The East Africa Protectorate and West African Empire

In East Africa, Tanganyika (as a League of Nations mandate) supplemented existing colonies including Kenya and Uganda to form an extensive East Africa Protectorate. Parts of Cameroon and Togo were added to a West African empire based on Nigeria and the Gold Coast. White settlement in the East and West African empires was small. Along with the dual mandate, colonial administrations supposedly exercised trusteeship to protect the interests of Africans.

'Trusteeship' in East Africa

Inter-war colonial policy on East Africa was concerned with trusteeship, to protect African interests and constitutional arrangements. In Kenya a small but significant number of colonists settled in the cooler 'white highlands' around Nairobi. Indian immigrants, largely working as traders, also formed a coherent grouping in Kenya. To advance their political and economic position the colonists were aggressive at the expense of Africans, and campaigned for Crown colony status to strengthen their role in government. This was achieved in 1920 and the colonists, under the leadership of Lord Delamere, made plans for self-government, colliding with the political aspirations of Indian colonists.

In a declaration by the colonial secretary, Lord Devonshire, the British denied colonists self-government, asserting the paramount importance of African interests. The government did, however, protect colonists against competition from Indian traders. Devonshire intended to carry out the principle of trusteeship, to uphold the interests of Africans.
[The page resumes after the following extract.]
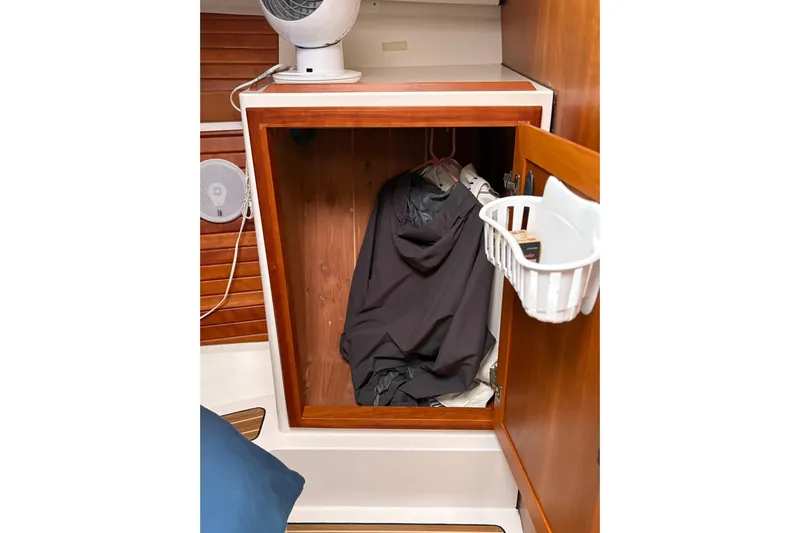  Yacht Photos Pics 2013 Back Cove 34 boat closet with hanging jackets and storage basket.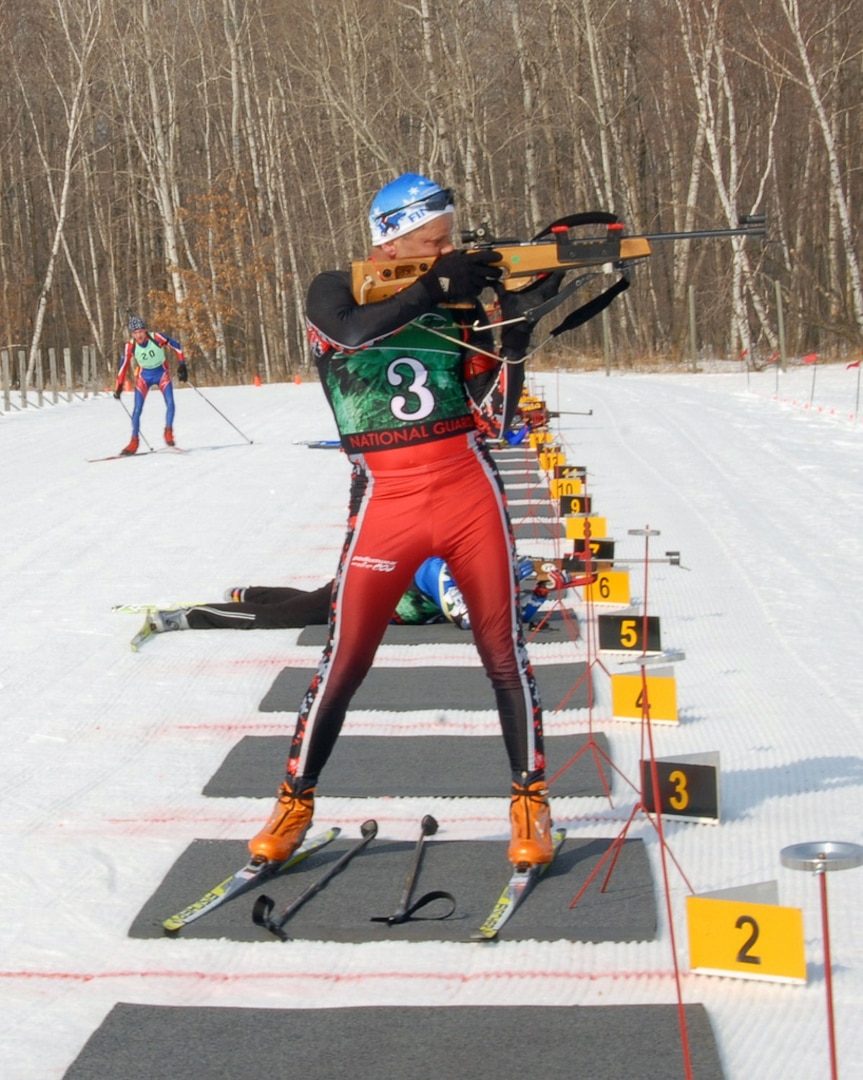 Sgt. 1st Class Kent Pulst of the North Dakota National Guard prepares to fire on targets in the relay race at the Chief of the National Guard Bureau Biathlon Championships held at Camp Ripley, Minn., March 7, 2010.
In 1927 a White Paper written by the Colonial Secretary, Leo Amery, argued in favour of sharing trusteeship with colonists and promoting their interests. He also suggested the possible federation of the East African colonies. In 1929 a Royal Commission under Sir Edward Hilton Young reverted to the 1923 declaration, ruling out self-government and federation in favour of a policy of trusteeship.

In 1931 Lord Passfield considered constitutional arrangements in East Africa and argued in favour of a dual mandate to reconcile colonist and African interests. He also argued for a common voters' roll based on educational qualification.

Colonial development

In the context of post-war economic crisis, by promoting economic development, Britain attempted to link its African colonies to economic reconstruction. Seen as having potential for agricultural development, East Africa was a major target. Cabinet discussed a development programme for Kenya as early as 1923. The Colonial Development Act of 1929 (the first of several) made provision for the funding of development projects in African colonies, but their usefulness was limited by low funding.

The Second World War increased British commitment to the economic development of the African Empire. The Colonial Welfare and Development Act of 1940 brought to an end colonial self-sufficiency and acknowledged the need for development funds. Wartime conditions produced an acute shortage of finance, but in 1945 a further act made substantial amounts for development available.

Development schemes, however, were sometimes inappropriate or unsuccessful. The Tanganyikan groundnut scheme from 1948 became a prime example of failed colonial development intervention.